Optimal Renewable Energy Policies under Uncertainty: Commitment vs. Discretion
When promoting the large-scale deployment of renewable energy sources (RES), policy-makers face substantial uncertainties, particularly regarding the corresponding future policy costs and benefits. Currently chosen subsidies to stimulate RES deployment may therefore turn out to be ill-designed in the long-run. As a response, RES policies may need to be adjusted over time to account for new information about RES impacts and benefits. However, discretionary RES policy may also open up for time-inconsistent policy-making: If RES investments are sunk and if there are policy objectives competing with environmental protection, such as limiting the social burden from funding RES policies, policy makers may have an incentive to reduce the future RES subsidies below the intertemporally optimal rate. Private RES investors will foresee such policy adjustments and may hold-up irreversible RES investments. Thus, the expectation of future policy adjustments may impair the efficient internalization of external benefits of RES deployment. Against this background, this paper explores the optimal long-term design of RES policies. Should policy-makers be committed to a pre-defined long-term RES policy pathway? Or should they be allowed the discretion to adjust the policy framework if necessary?

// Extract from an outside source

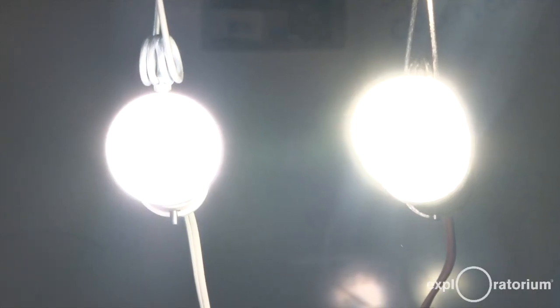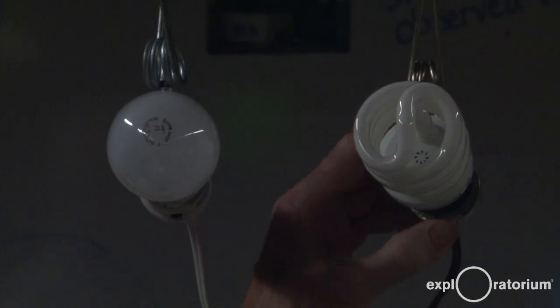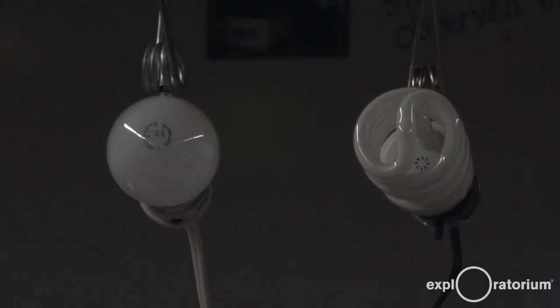So how are the two lights different? One is an incandescent bulb, the other is fluorescent. Watch the rest of this video to learn how to build and do investigations with your own CD spectroscope.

To answer these questions, we develop a dynamic partial equilibrium model which allows examining optimal RES policy options in the presence of path-dependent investments in RES technologies and uncertainty of benefits from RES deployment. Our analysis shows that commitment to state-conditional RES subsidies outperforms both unconditional commitment as well as full discretion. The choice between unconditional commitment and full discretion is analytically ambiguous. However, a numerical application illustrates that full discretion is superior to unconditional commitment for reasonable parameter values – and may in fact perform almost as good in terms of overall welfare as state-conditional subsidies.